§ **Your task**:
Word for word, restate each entry that appears below.

§ **Extracted records**:
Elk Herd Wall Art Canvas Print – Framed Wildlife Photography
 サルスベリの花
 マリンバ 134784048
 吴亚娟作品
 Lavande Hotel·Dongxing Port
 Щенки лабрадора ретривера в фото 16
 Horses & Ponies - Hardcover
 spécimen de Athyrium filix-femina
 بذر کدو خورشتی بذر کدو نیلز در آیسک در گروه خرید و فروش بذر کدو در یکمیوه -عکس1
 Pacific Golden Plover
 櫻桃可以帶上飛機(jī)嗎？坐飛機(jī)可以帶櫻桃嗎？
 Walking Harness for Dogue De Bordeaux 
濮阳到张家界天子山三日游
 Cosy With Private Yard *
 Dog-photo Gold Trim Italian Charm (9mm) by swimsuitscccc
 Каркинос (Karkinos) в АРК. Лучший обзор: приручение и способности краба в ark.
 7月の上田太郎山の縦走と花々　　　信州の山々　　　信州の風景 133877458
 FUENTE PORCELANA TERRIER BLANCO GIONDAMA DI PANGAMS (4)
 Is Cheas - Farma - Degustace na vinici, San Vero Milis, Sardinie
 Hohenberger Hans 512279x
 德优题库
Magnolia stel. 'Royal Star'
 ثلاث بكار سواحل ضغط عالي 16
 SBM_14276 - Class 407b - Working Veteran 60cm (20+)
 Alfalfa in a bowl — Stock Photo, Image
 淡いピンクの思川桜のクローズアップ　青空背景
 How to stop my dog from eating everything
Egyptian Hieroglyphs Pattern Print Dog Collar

§ **Exercise result**:
Elk Herd Wall Art Canvas Print – Framed Wildlife Photography
 サルスベリの花
 マリンバ 134784048
 吴亚娟作品
 Lavande Hotel·Dongxing Port
 Щенки лабрадора ретривера в фото 16
 Horses & Ponies - Hardcover
 spécimen de Athyrium filix-femina
 بذر کدو خورشتی بذر کدو نیلز در آیسک در گروه خرید و فروش بذر کدو در یکمیوه -عکس1
 Pacific Golden Plover
 櫻桃可以帶上飛機(jī)嗎？坐飛機(jī)可以帶櫻桃嗎？
 Walking Harness for Dogue De Bordeaux 
濮阳到张家界天子山三日游
 Cosy With Private Yard *
 Dog-photo Gold Trim Italian Charm (9mm) by swimsuitscccc
 Каркинос (Karkinos) в АРК. Лучший обзор: приручение и способности краба в ark.
 7月の上田太郎山の縦走と花々　　　信州の山々　　　信州の風景 133877458
 FUENTE PORCELANA TERRIER BLANCO GIONDAMA DI PANGAMS (4)
 Is Cheas - Farma - Degustace na vinici, San Vero Milis, Sardinie
 Hohenberger Hans 512279x
 德优题库
Magnolia stel. 'Royal Star'
 ثلاث بكار سواحل ضغط عالي 16
 SBM_14276 - Class 407b - Working Veteran 60cm (20+)
 Alfalfa in a bowl — Stock Photo, Image
 淡いピンクの思川桜のクローズアップ　青空背景
 How to stop my dog from eating everything
Egyptian Hieroglyphs Pattern Print Dog Collar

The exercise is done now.